- [Material for this task]
*** Begin section ***
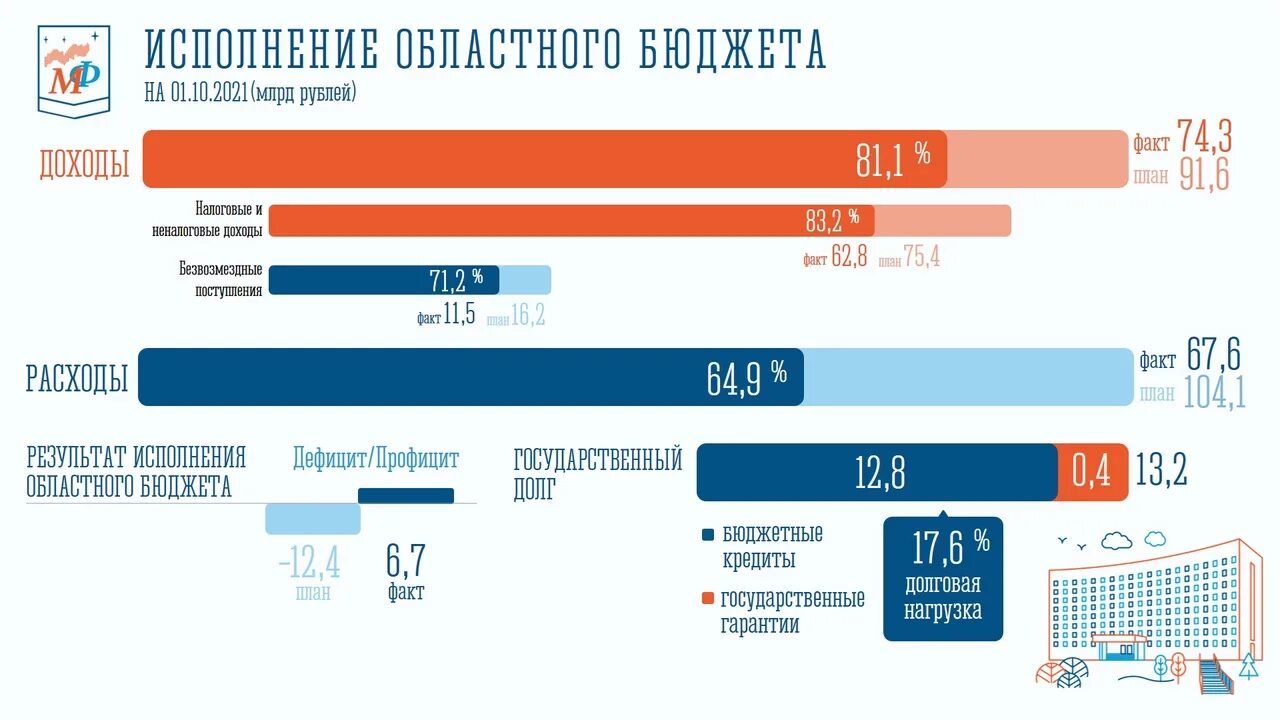 Изменения минфин 2021. Бюджет Мурманской области за 2018. Бюджет Мурманской области картинки. Руководитель финансового органа. Динамика бюджета Мурманской области по годам.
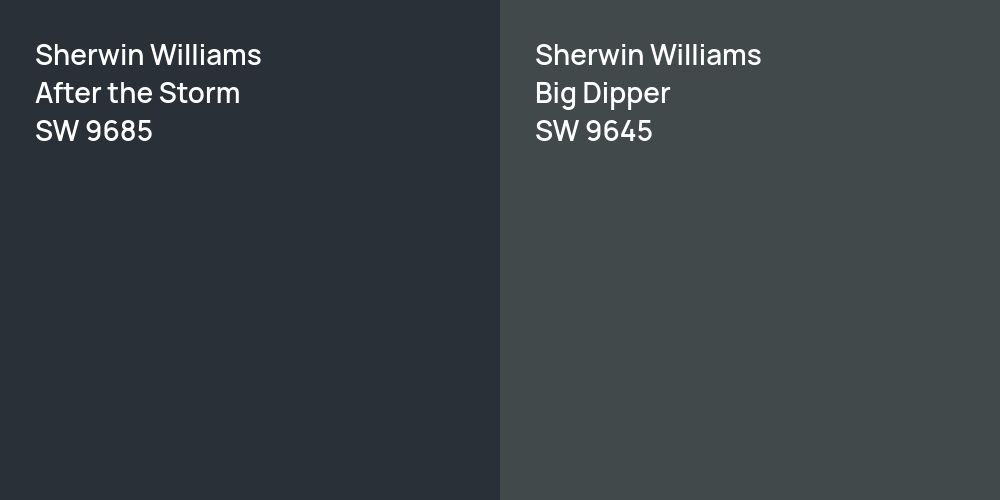 Sherwin Williams After the Storm vs. Sherwin Williams Big Dipper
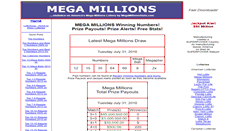 Desktop Screenshot of megamillionsstats.com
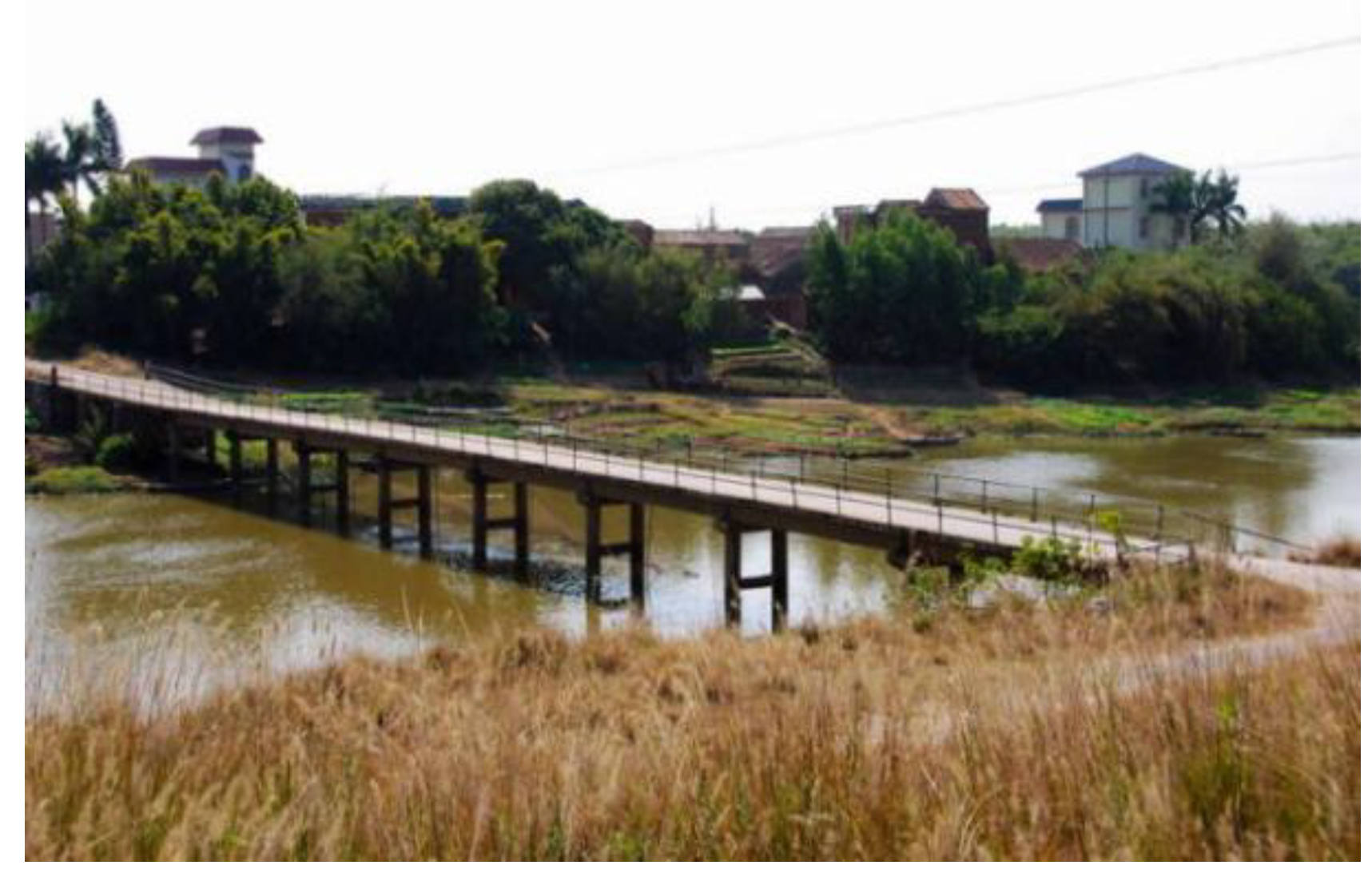 Sustainability 16 09807 g011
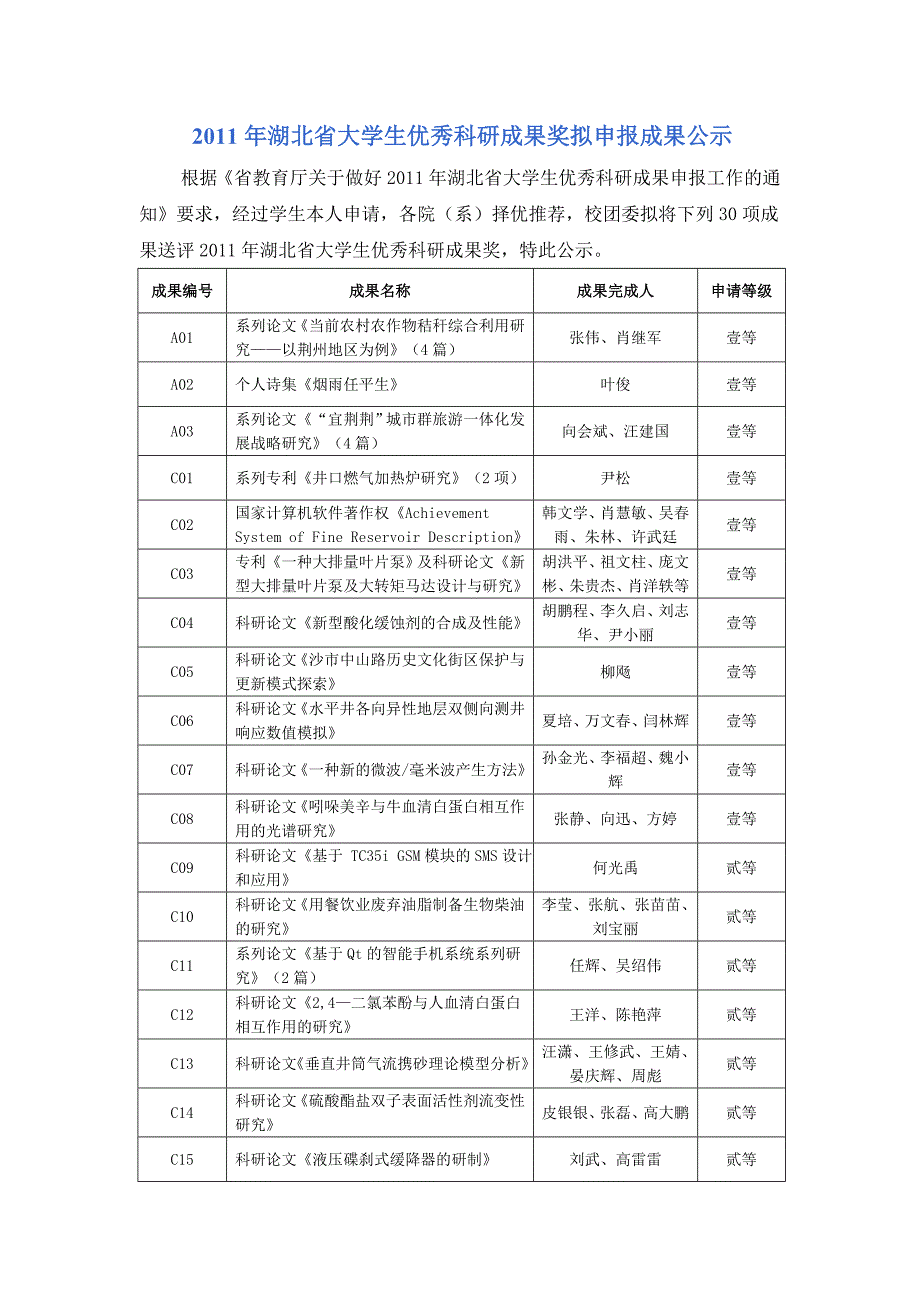 2011年湖北省大学生优秀科研成果奖拟申报成果公示_第1页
*** End section ***
- [Work to be completed]
Set down every line above exactly, pictures excluded.

- [Answer]
 Изменения минфин 2021. Бюджет Мурманской области за 2018. Бюджет Мурманской области картинки. Руководитель финансового органа. Динамика бюджета Мурманской области по годам.
 Sherwin Williams After the Storm vs. Sherwin Williams Big Dipper
 Desktop Screenshot of megamillionsstats.com
 Sustainability 16 09807 g011
 2011年湖北省大学生优秀科研成果奖拟申报成果公示_第1页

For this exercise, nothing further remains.